IT IS NO accident that we refer to God as the Truth with the capital "T." Truth has a way of getting through no matter the obstacles that those who want to deny it will put up on its way as long as people of good will do something actively to uphold it. In fact, even in the denial of truth, truth itself can be revealed.

At this early point of the impeachment trial of Chief Justice Renato Corona, the truth made itself unsuppressable despite the attempts of the defense team headed by former associate justice Serafin Cuevas. It is understandable that the defense lawyers are doing what they think their job is in preventing their client from getting convicted for the Second Article of Impeachment. It is understandable, and in fact expected, of them to do what they usually do in criminal courts, going to technical objections on every turn in the hope that objections can suppress the truth with so much adversarial hullabaloo.
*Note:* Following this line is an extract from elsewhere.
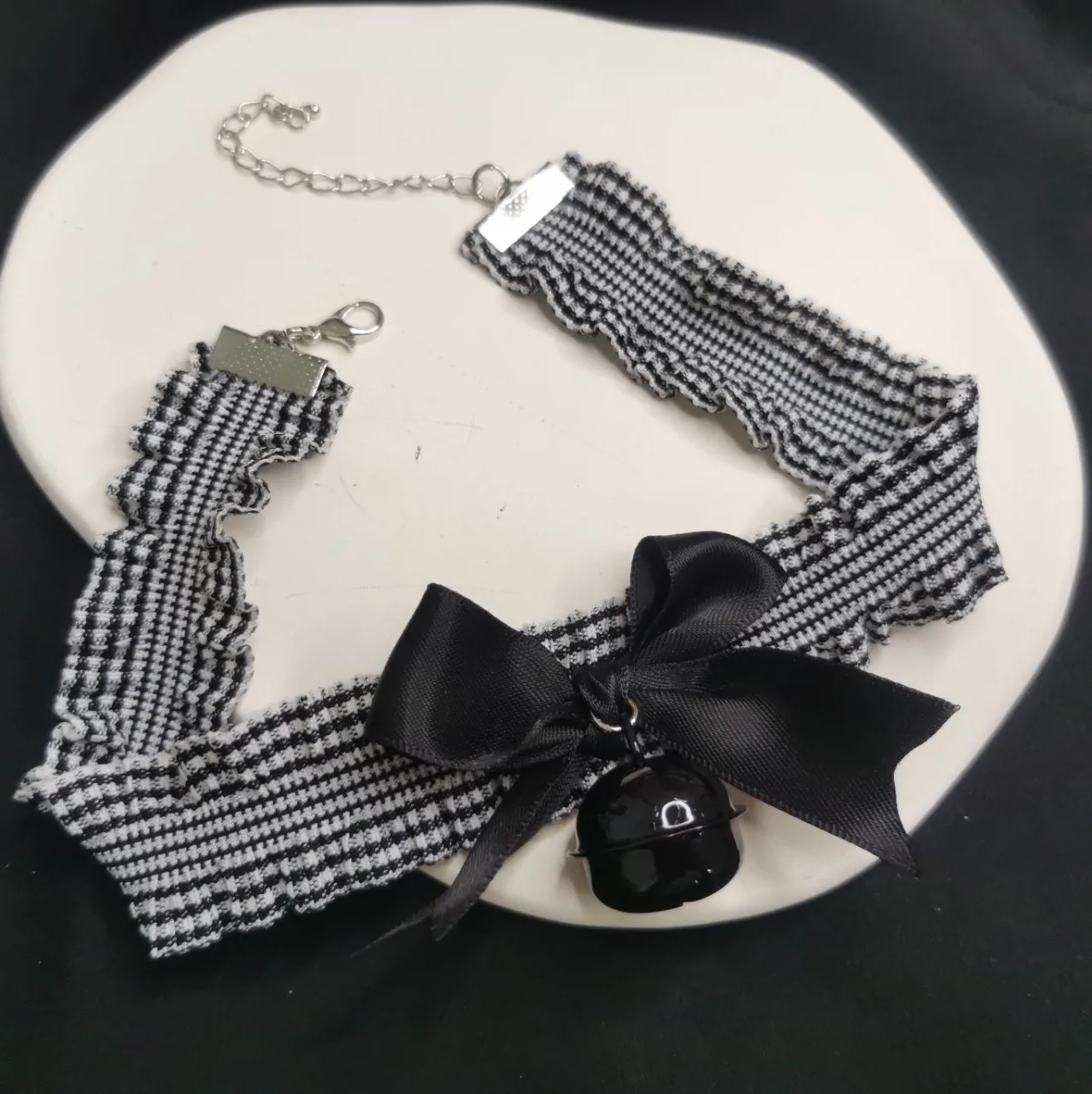 Maid Bell Bow Choker - Image 3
But what the defense failed to see is the fact that each time they tried to suppress an evidence against Corona, they are indirectly admitting that the evidence can be damaging to their case. And an evidence can only be damaging when it is consistent and supportive to the complaint filed against the client. It shows only that even the defense team knows, or at least suspects, that the client can be guilty as charged. That's the only reason to fear the evidence. That's the only reason to fear the truth that the evidence might bring into the case. Their attempts at denying the truth a hearing for the day telegraphs to the people that they feared the truth--the truth that their client is guilty.

Such is one fatal tactic that the defense team has fallen into. They forget that the impeachment proceeding is not a criminal trial but a search for the truth that is not bound to the rules of the criminal court; rules that can be bogged down by legal technicalities. The impeachment court does not need proof of criminal act, but of certainty that the client does not merit the peoples' trust. And what can destroy that trust the more is their obvious maneuvers at preventing the truth from coming out.

Had the defense showed itself open for the truth to come out, people will know that they too are there looking for the truth. That they too are there to confirm their confidence on the innocence of their client, and want to find out the truth by welcoming all the evidence that the accusers can present against the client; not to hide behind all technicalities they can summon to justify their objections against evidences. This fatal error can be the undoing of their case before the eyes of the Filipino people, and obviously before the Impeachment Court whose senator-judges are not blind to the motives behind these delatory tactics, these efforts to suppress the truth. 

Here's my unsolicited advise to the defense team. If they truly believe that Corona is not guilty as charged in the articles of impeachment, let the prosecution present all the evidence they can in order to clear out the air of suspicion building over the head of their client. Otherwise, they will lose this case, for sure, and in both courts--that of the Impeachment Court and that of the public opinion.

At the end of the day, the truth will eventually prevail in this trial. The Senate convened as the Impeachment Court that tries the Chief Justice is fully accountable to the people for uncovering the truth behind these allegations. If it cannot do its job, the heads of the senators will roll during the elections. And if the chief magistrate is indeed guilty as charged, it is high time that he be replaced from such a critical post in our democracy. Doing less than that is a sin whose impact can redound to future generations, and by its consequence unforgivable.